Jim,
loading a specific version of a shared library requires two things:
a. Use absolute path to the library in the cffi lib spec b. Make sure the dependencies (see output of otool -L ) (the paths to the dependencies) are at the beginning of the paths set in the environment variable DYLD_LIBRARY_PATH.
Best Frank
-- Frank Gönninger DG1SBG Consequor Consulting AG
Am 20.09.2016 um 16:46 schrieb Jim Newton jimka.issy@gmail.com:
Hi Frank, thanks for the information. If you always use /usr/local/lib then what do you do when you need to run two different independent applications which have different requirements?
On Tue, Sep 20, 2016 at 3:44 PM, Frank Goenninger frgo@me.com wrote: Am 20.09.2016 um 15:32 schrieb Luís Oliveira luismbo@gmail.com:
On Tue, Sep 20, 2016 at 10:53 AM, Jim Newton jimka.issy@gmail.com wrote:
CL-USER> (cffi::list-foreign-libraries) (... #<CFFI:FOREIGN-LIBRARY :LIBCAIRO #P"/usr/local/Cellar/cairo/1.12.16_1/lib/libcairo.dylib" (truename=#P"/usr/local/Cellar/cairo/1.12.16_1/lib/libcairo.2.dylib")>) CL-USER>
However, when I attempt to load libgdk-x11-2.0.0.dylib it complains that it cannot find a particular symbol in /usr/local/lib/libcairo.dylib. Why is it complaining about /usr/local/lib/libcairo.dylib?
Most of those dylibs are symlinks and libgdk may depend on a name which exists in /usr/local/lib but not /usr/local/Cellar, maybe? ldd can tell you what a given dylib depends on.

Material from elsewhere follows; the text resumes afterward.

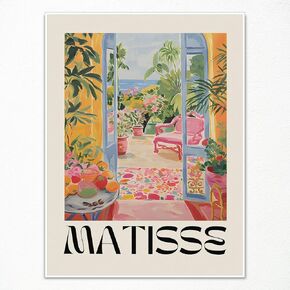 Neejaold Vintage Henri Matisse Canvas Wall Art Prints, Classic Matisse Exhibition Posters for Room Aesthetic, Matisse Modern Gallery Exhibition Art for Bedroom Living Room Decor 12x16in Unframed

As Jim is on macOS there is no ldd. The command to use is
otool -L /usr/local/lib//libcairo.dylib
Seeing that Jim uses homebrew to install Cairo it is worth mentioning that brew install … also generates (normally) an entry in /usr/local/lib . That is why I always stick to using /usr/local/lib/libxyz.dylib paths when I want to ensure a particular library to be loaded.